RECORDS FOR THE EXERCISE Start Marker

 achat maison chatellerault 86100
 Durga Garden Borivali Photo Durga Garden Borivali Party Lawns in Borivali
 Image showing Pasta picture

RECORDS FOR THE EXERCISE End Marker
RECORDS FOR THE EXERCISE Start Marker

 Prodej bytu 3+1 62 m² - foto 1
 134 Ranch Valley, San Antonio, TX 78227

RECORDS FOR THE EXERCISE End Marker

EXERCISE DIRECTIONS: Everything above from the line containing "Durga Garden Borivali Photo" down to the line containing "Image showing Pasta picture" should be copied exactly, both end lines included, and nothing else.

FINISHED TASK:
 Durga Garden Borivali Photo Durga Garden Borivali Party Lawns in Borivali
 Image showing Pasta picture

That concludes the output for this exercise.